Facebook promoted posts – we’re a believer!
With the recent flooding in southern Alberta (BC, and Ontario), many of our policyholders were inquiring if home insurance protects against flood damage. In addition to responding to those individual inquires, we thought it would be worthwhile distributing the answers more broadly. Social media was a logical channel.
For us, social media generally means LinkedIn, Twitter, Google+ and Facebook. When you post a “status update” to Facebook, it uses an algorithm to determine whose newsfeeds the update is going to show up on. The more people that interact with your post (like, add a comment, etc.), the more people Facebook will show that post to.
Over 1,200 people have “liked” us on Facebook, but only around 200 people actually see our updates in their newsfeeds. Obviously this really limits our reach, and makes it hard for us to get our message out to our “fans”. Not to worry though, Facebook has a solution to this, and not surprisingly, it costs money. 😉 Now that Facebook’s a public company obviously there’s a lot of pressure to monetize their massive user base, and one way they’re able to do this is through “promoted posts”. It’s a pretty simple concept: if you want your post to be seen by more people, you can add a budget to your post. How far that budget goes depends on how many other people are paying to promote posts at the time. That means the number of possible “impressions” are divided amongst the number of promoted posts to be displayed, and whoever bids more gets a higher percentage.
On a whim, we decided to give promoted posts a try, for this particular flood post. Initially, I just added $20 to our Facebook account, and fired up Google Analytics (Real-time). Almost immediately, I saw a trickle of traffic coming from Facebook to the link we were promoting. The post got its first few “likes” and “comments”. Since I’d promoted the post on a whim, we hadn’t really prepared ourselves to respond to the incoming comments. It was Friday evening, and Daniel was out of the office, doing the grouse grind.
Comments are great because it means that the post is then likely going to show up in the newsfeed of the commenter’s friends. That said, I admit I started to panic a little, when some of the comments being posted had a negative tone. At Square One, we really try to be open and transparent, so Daniel raced back from the Grind, and took the time to respond to each comment. Almost magically, the tone quickly turned around. It’s amazing how people respond when they realize their dealing with a real, live human, not just a faceless company.
With the initial $20 spent, we took a look at whether the promoted post was offering good “value”. Generally online ads are measured as a cost per thousand views (CPM). As you can see from below, for the initial $20 spend, our cost was $2.94 per 1,000 views:
All views are not created equal however! We’ve done quite a bit of online advertising, and we’ve gotten the cheapest CPM with the Google display network. Our average CPM with Google is around $0.60. That would be great if the “engagement” with those ads wasn’t so weak. I think most of us are now conditioned to completely ignore display ads on most web pages. Our best measure for engagement is whether someone clicks on the ad. With Google, our click through rate is about 0.16% – yes, that’s only a fraction of 1%! As you can see above, with the Facebook promoted post, we were initially seeing a click through rate of 2.6%, and it got even better over time.

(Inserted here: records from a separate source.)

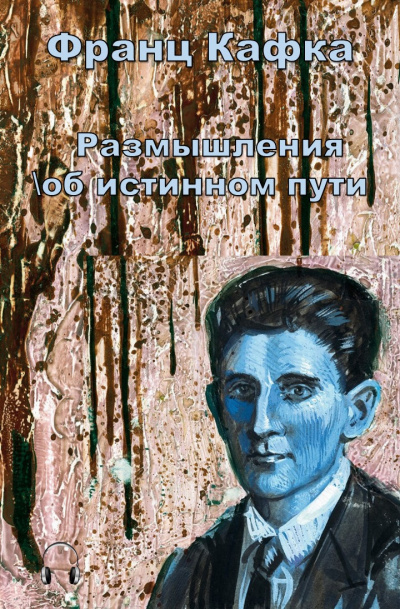 Слушайте бесплатные аудиокниги на русском языке | Audiobukva.ru Кафка Франц - Размышления об истинном пути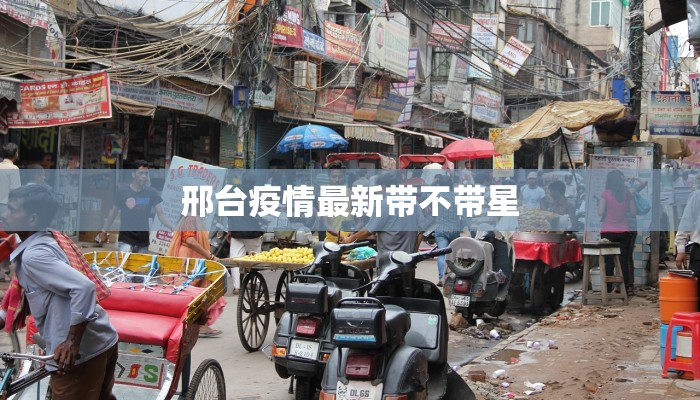 邢台疫情最新带不带星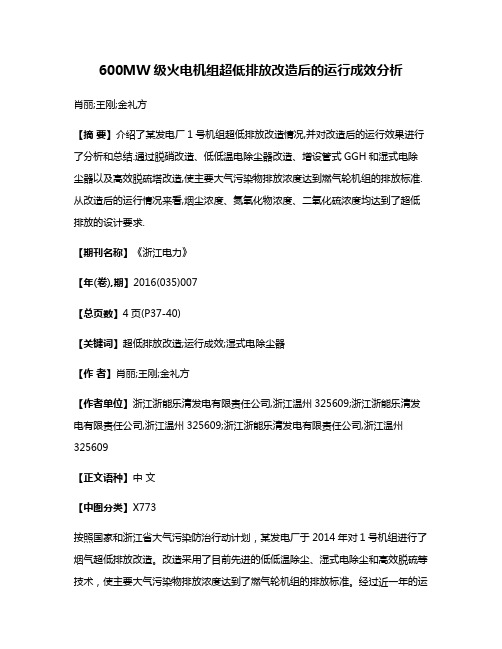 600MW级火电机组超低排放改造后的运行成效分析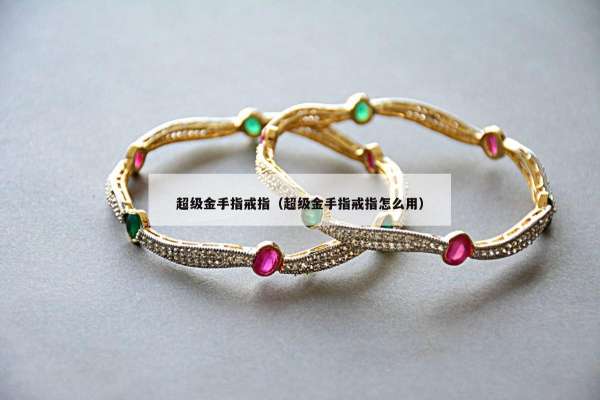 超级金手指戒指（超级金手指戒指怎么用）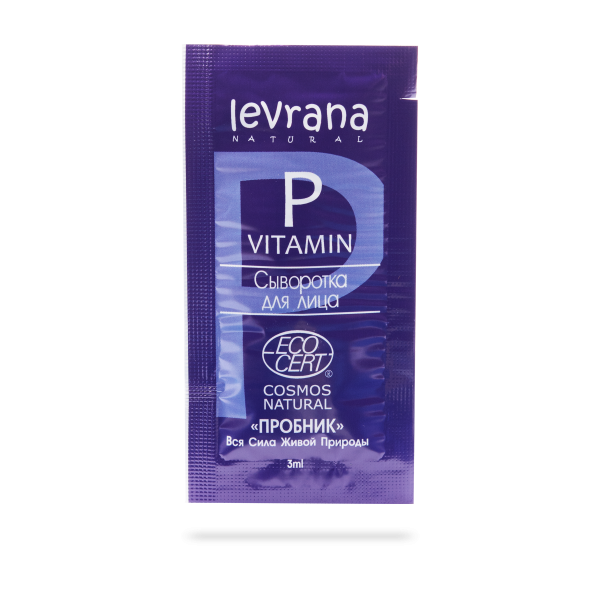 Пробник сыворотки для лица "Витамин P"
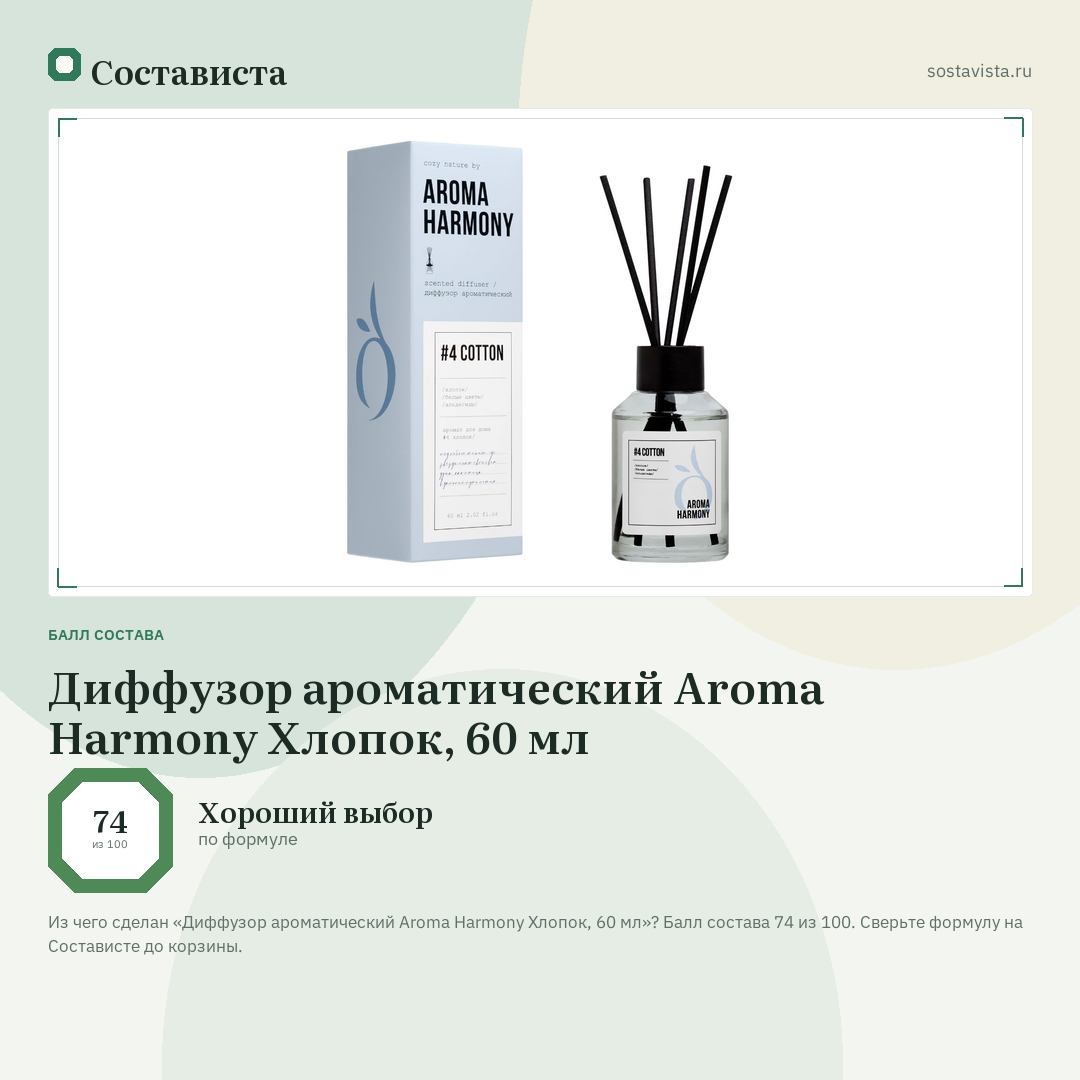 Диффузор ароматический Aroma Harmony Хлопок, 60 мл: балл состава 74 из 100 — Состависта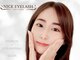 ナイスアイラッシュ なんば店(NICE EYELASH)の写真/まつ毛を美しく、健やかに、マツパ必須オプション☆美容液トリートメント500円☆【なんば】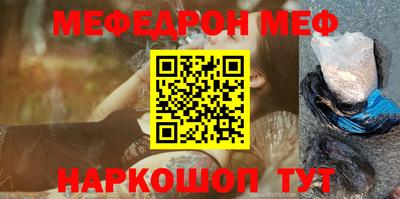 спиды Сланцы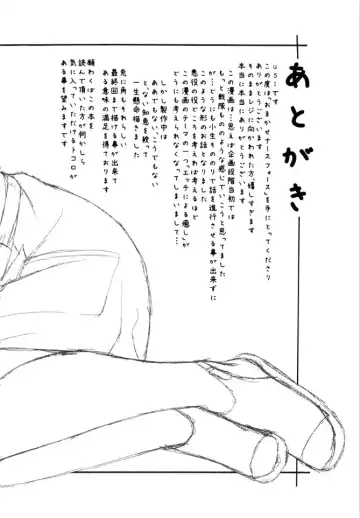 [Usi] OMAKASE NURSE FORCE Fhentai - Page 192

Based on the metrics noted above, we figured we were getting pretty good value with our promoted post, so we figured we’d let it ride. It was a bit addicting to watch the traffic stream into our site. We increased our budget for the promoted post several times, and ended up capping it at $250 per day (for 3 days). It was incredible to watch the traffic to our site spool up almost immediately after increasing our budget. It gives you a sense of the massive number of people using Facebook at any given time. For example, for awhile we were averaging over 300 visitors from Facebook on our site at a time. Given that only around 5% were clicking on the post, that means Facebook was showing the post to over 6,000 people at the same time. Keep in mind, the post was only being shown to people in BC, Alberta and Saskatchewan!
Here’s the promoted post’s stats at the conclusion of the campaign:
We actually found that Facebook underestimated the number of clicks that were sent our way. All told, Google Analytics counted 17,768 clicks from Facebook to our flood damage page. This translates to an incredible 7.8% click through rate (based on the 229,175 “impressions” Facebook indicates the post received)! At $0.04 per “click”, it means that traffic was super cheap to generate. (In comparison, our Google display network ads work out to around $0.75 per click). Our site is targetted to a pretty specialized audience – people in BC, Alberta and Saskatchewan looking for home insurance. So, it’s not normally a high traffic site by any stretch. Nonetheless, 17,000 unexpected visitors over a 3-day period gave our server a bit of a workout. It also made our regular daily site traffic look like a rounding error:
There you have it, all the gory details of our “promoted post” experiment. If you’re as obsessed with monitoring and optimizing website usage as I am, I hope you found this post interesting.